4.1. EM RELAÇÃO AO CONCEITO DE INFRAÇÃO PENAL, O CÓDIGO PENAL BRASILEIRO ADOTA O


SISTEMA TRICOTÔMICO OU DUALISTA?

Autora: Denise Cristina Mantovani Cera


Publicação: 30/11/2010

O Código Penal Brasileiro adota o sistema dualista ou binário. Prevê a infração penal como gênero, e co-
mo espécies o crime e a contravenção penal. Delito é sinônimo de crime, e a contravenção penal possui
como sinônimos: crime anão, delito liliputiano e crime vagabundo.

Lei de Introdução ao Código Penal, Art. 1º Considera-se crime a infração penal que a lei comina pena de
reclusão ou de detenção, quer isoladamente, quer alternativa ou cumulativamente com a pena de multa;
contravenção, a infração penal a que a lei comina, isoladamente, pena de prisão simples ou de multa, ou
ambas, alternativa ou cumulativamente. (Destacamos)
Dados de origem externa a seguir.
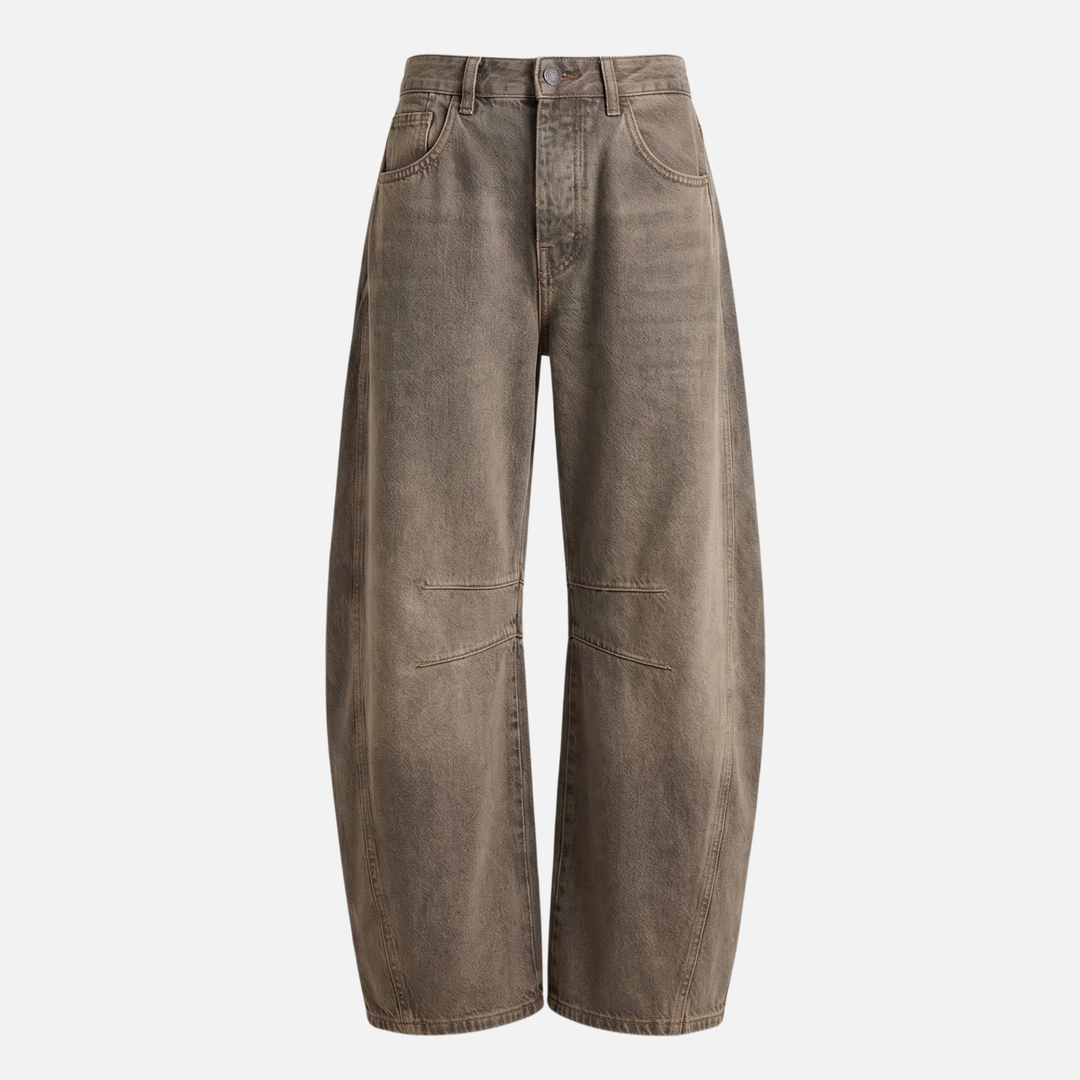 Jeans aus Stretch-Denim mit weitem Bein für Damen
A matéria em estudo foi objeto de questionamento do concurso da ABIN/2010 – CESPE:

“No Código Penal Brasileiro, adota-se, em relação ao conceito de crime, o sistema tricotômico, de acordo
com o qual as infrações penais são separadas em crime, delitos e contravenções”. Resposta: ERRADA

Fonte: http://www.lfg.com.br/public_html/article.php?story=20101129130112975

4.2. O HOMEM MORTO PODE SER SUJEITO PASSIVO DE CRIME?

Autora: Denise Cristina Mantovani Cera


Publicação: 09/03/2011

O sujeito passivo de uma infração penal é a pessoa ou o ente que sofre as consequências da mesma.

O morto, por não ser titular de direito, não pode ser sujeito passivo de um crime. O morto não possui
personalidade jurídica. No entanto, certos delitos contra o respeito aos mortos são punidos, sendo víti-
mas, no caso, a família ou a coletividade.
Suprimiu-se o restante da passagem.